Зрителям могло показаться, что я слишком тороплюсь с Йозефом, наверняка, были догадки, что я хочу использовать его, чтобы выжить. Наверное, если бы он был человеком, в нормальной жизни я смогла бы быть искренней с ним и, может быть, даже по-настоящему влюбиться. Меня удивляли его доброта и открытость, возможно, вызванные недостаточным развитием когнитивных функций, но это ни в коем случае не принижало такие качества. Чтобы так искренне верить в людей, нельзя было быть просто наивным, для этого нужно ещё обладать сильной волей, тем более учитывая его вампирскую сущность. У меня сохранился его номер, и мне нужно было написать ему в сообщении что-то милое, чтобы камеры сняли это и реабилитировали меня в глазах телезрителей. Что-то такое, чтобы меня саму не отвратило моё лицемерие. Я не хотела его обижать этим.

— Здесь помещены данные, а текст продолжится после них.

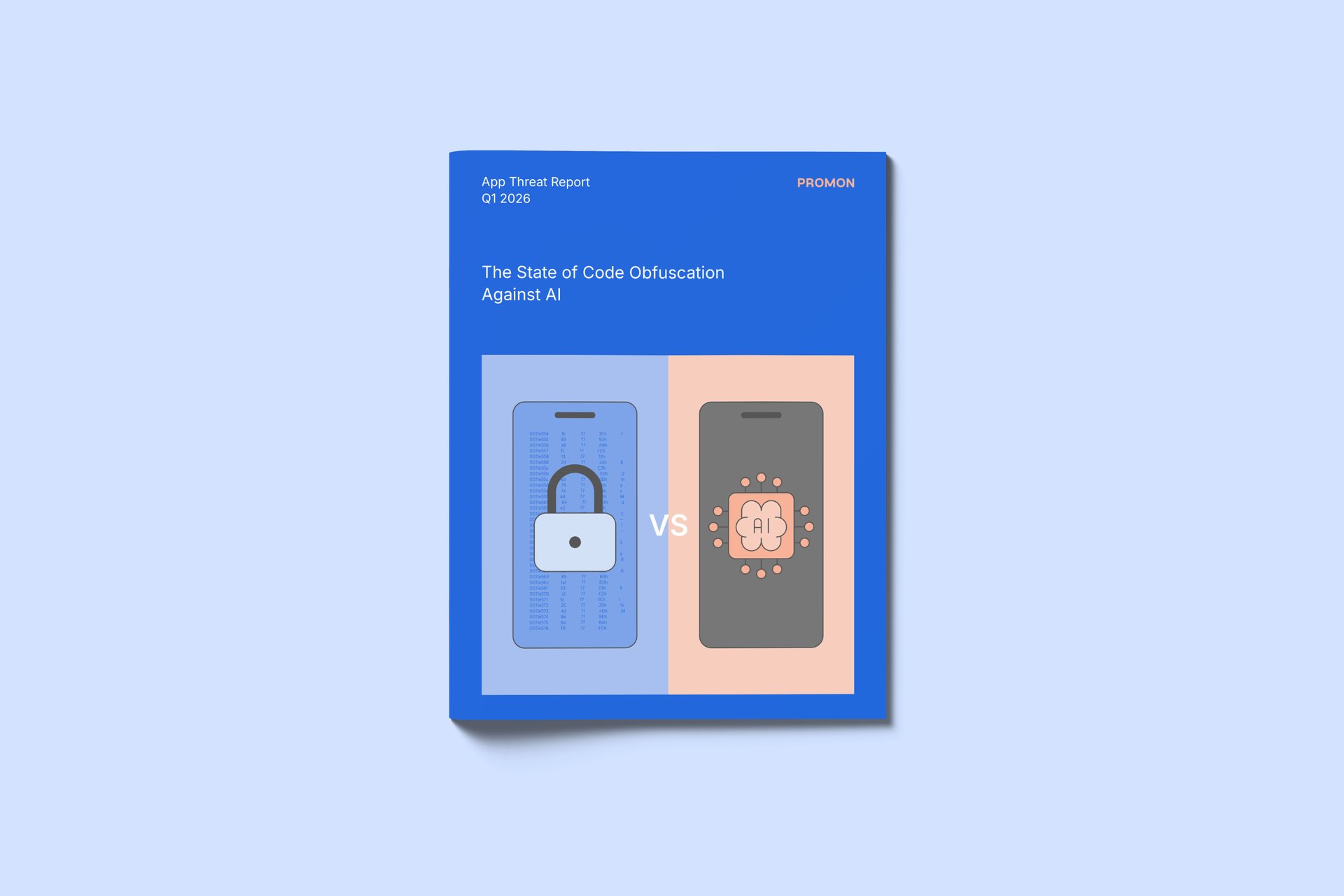 App_Threat_Report_2026_Q1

Я написала Йозефу, что во время сегодняшнего выступления постараюсь найти его среди зрителей, чтобы смотреть на него.

Подобрать песню оказалось сложнее всего. Я пересмотрела всю свою любимую музыку и плейлисты своих друзей, и всё не могла понять, что мне подходит (ни мне самой, ни моему новому образу). У меня оставалось совсем мало времени до встречи с организаторами, тем более нужно было преступить к репетиции. Несмотря на разность поколений, папа разбирался в современной музыке лучше меня, поэтому я позвонила ему.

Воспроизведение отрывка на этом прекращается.